ADD v0.9 — M3 Pre-GA Hardening ships; maturity promoted to beta

v0.9 is the release that earns ADD the right to call v1.0 “GA.” Every claim in the README now has a test next to it. The TDD rule can’t be silently bypassed by an agent deleting a failing test — a gate fails the cycle. The security posture isn’t prose; it’s an auto-loaded rule plus a scan hook plus a documented threat model. The Codex adapter no longer writes to a deprecated prompts path; it emits native Codex Skills with preserved frontmatter. Telemetry is OTel-aligned. Context is cache-disciplined. AGENTS.md is generated, not hand-maintained.
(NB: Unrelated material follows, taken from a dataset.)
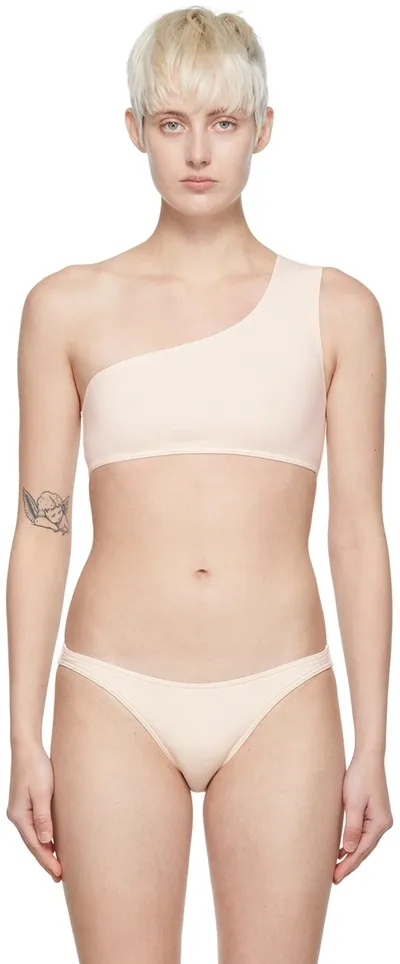 Eres Off-shoulder Tonal-stitching Bikini Top In Ecume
tl;dr — Seven specs drafted in parallel, built in parallel by seven worktree-isolated agent swarms during a ten-hour /add:away session, squash-merged sequentially with rebase resolutions, and promoted through a v0.8.1 hotfix after a plugin-family review surfaced three genuine shipping bugs. Three signed tags went out back-to-back: v0.8.1 (hotfix), v0.9.0 (M3 ships, alpha→beta), v0.9.1 (beta polish, CI wired). 93 tests run on every PR. Install v0.9.1; migration from any version ≥ 0.5.0 is automatic.

What shipped in M3

M3 was a coordinated milestone of seven independent-but-related specs, each with disjoint file sets so they could be developed in parallel without merge conflicts. The full parallelism analysis lives in docs/milestones/M3-pre-ga-hardening.md.

Spec	What it does	PR
`agents-md-sync`	Maturity-aware `AGENTS.md` generator at project root; ADD-managed content wrapped in marker blocks so user edits survive regen; PostToolUse staleness hook; dog-fooded on this repo.	#8
`cache-discipline`	Stable-prefix layout convention for sub-agent dispatch. Auto-loaded rule + validator (warn-only in v0.9, strict in v1.0) + audit of four highest-impact skills.	#9
`secrets-handling`	Auto-loaded rule + `.secretsignore` template + pre-commit gate in `/add:deploy`. Scaffolded `core/knowledge/threat-model.md`.	#10
`telemetry-jsonl`	Append-only `.add/telemetry/{date}.jsonl` aligned with OpenTelemetry GenAI semantic conventions. Cost & velocity panel in `/add:dashboard`. Cache-read / cache-creation / hit-ratio fields.	#11
`codex-native-skills`	Codex adapter migrated from the deprecated `~/.codex/prompts/` path to the native `~/.codex/skills/add-<name>/SKILL.md` layout with preserved YAML frontmatter. AGENTS.md slimmed to a manifest. Codex CLI pinned at 0.122.0.	#12
`test-deletion-guardrail`	Defends the signature TDD claim against the Kent Beck / TDAD-paper failure mode (“the agent doesn’t want to do TDD — it deletes the failing test”). `/add:verify` Gate 3.5 fails the cycle if `tests_removed > 0` without a recorded override.	#13
`prompt-injection-defense`	Auto-loaded rule + PostToolUse scan hook pattern-matching tool output against eight named patterns (OWASP Top 10 Agentic 2026, Snyk ToxicSkills, Comment-and-Control). Full T1–T5 threat model.	#14

Every spec ships with fixture-based tests. Nine suites, 93 tests total, running on every PR and push to main via the new guardrails.yml workflow.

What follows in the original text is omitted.